真夏の日差しの下で汗をかきながら会場の物販エリアで千晶と真紀は世界一愛しい悩みを相談しあった。
『真紀ちゃん、グッズどうするー?』
『私は選ぶの面倒だから全部買うわ。ちぃはどうする?』
『そっか、この人富豪だった。私は全部はキツイなあ。』
『富豪ってなんだよ。』
『しがない契約社員に全買いはキツイっす!』
『迷ったら実用性のあるもん買いなよ。』
『とりあえずマイボトルはあれば使うよね。』
『仕事中でもGAPを感じられるってのがいいよね。』
『じゃあ写真とペンライトとパンフレットとTシャツとタオルとマイボトルだけ買おっかなあ。』
『ほぼ全部買ってるやん!』
『全部じゃないよ、ポーチ買うの諦めたし!』
ライブ会場特有の高揚感を含めたざわめき。化粧や香水の香り。
皆が皆、会場で久しぶりに会う友人たちとはしゃいでおしゃべりをしていて、あらゆる場所から突如大きな声が聞こえてきたり。
みんなが、大好き、に会いに来ていて、嬉しくて、楽しくて、幸せな時間。
みんなが自分史上最高のお洒落とメイクをしてきたりなんかして。かと思えば、職場から走って会場にやってきた仕事着姿の人もいて。
息を整えながら、汗やばい!とツアータオルで額を拭いてスーツ姿のまま、大慌てでファンデーションを塗りなおしていたり。
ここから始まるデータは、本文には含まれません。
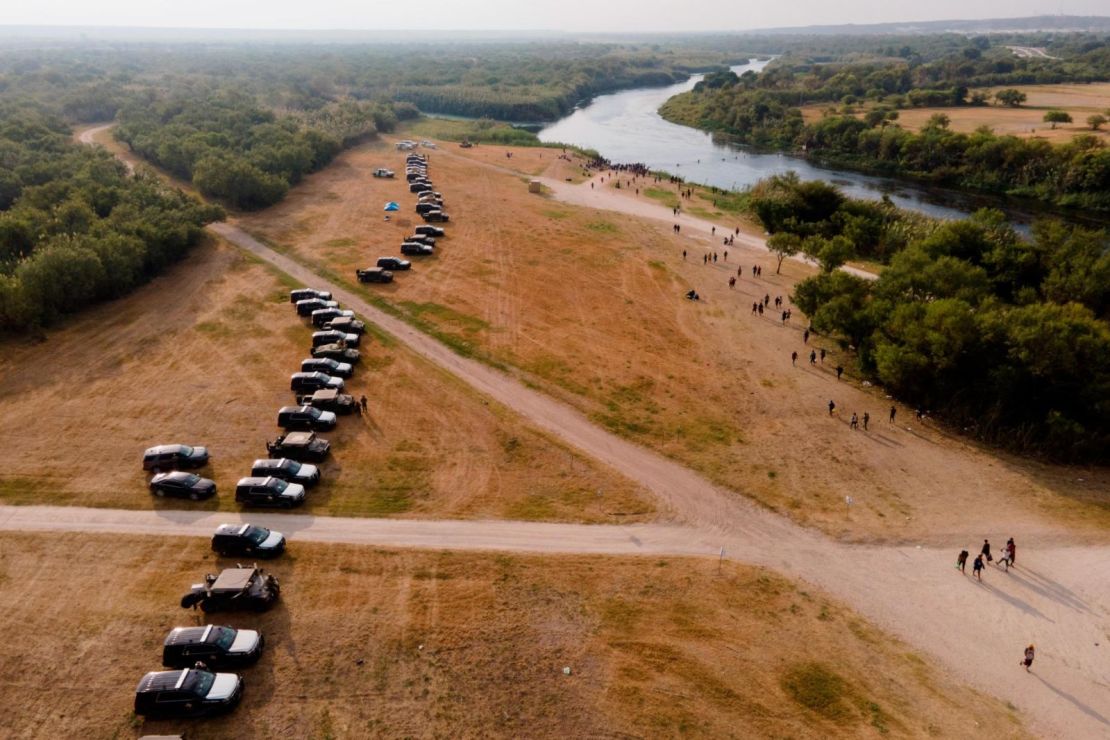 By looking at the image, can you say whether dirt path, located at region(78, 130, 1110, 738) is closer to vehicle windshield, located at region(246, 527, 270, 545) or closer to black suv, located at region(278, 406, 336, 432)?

どれもそれも、大好きが心からあふれ出していた。愛しかった。
そういった会場の空気すべてが千晶の青春だったし、人生だった。
千晶はマイボトルのGAPの文字を指でス、っと撫でて、そんな時間を思い出した。
GAPのメンバーが好きで、歌が好きで、ライブが、テレビ番組が、全て好きだったけれど、彼らが居ない場所で輝くファンの人たちと同じ時間を過ごすこともまた幸せだった。
(とんでもない幸せをもらってたのかもなあ)
そんなことを思いながら、千晶は食べ終わった弁当箱を鞄にしまい、オフィスへ戻った。
 
 
千晶は仕事を終えると、閉店間近の駅ビルの雑貨屋へ入った。マイボトルを探すと言っても、サイズ、色、用途によって様々なものが発売されており、選ぶのに時間がかかった。
「これいいな・・・あ、青か。」
千晶の手には、すぐに青い物を手にとってしまうという長年の癖が染みついていた。
青はリョウタのメンバーカラーだった。
ファンなら必ずしも推しのメンバーカラーの物を身につけなければならないなんてルールはないし、誰にも強制されていないが、気づけば選んでいた。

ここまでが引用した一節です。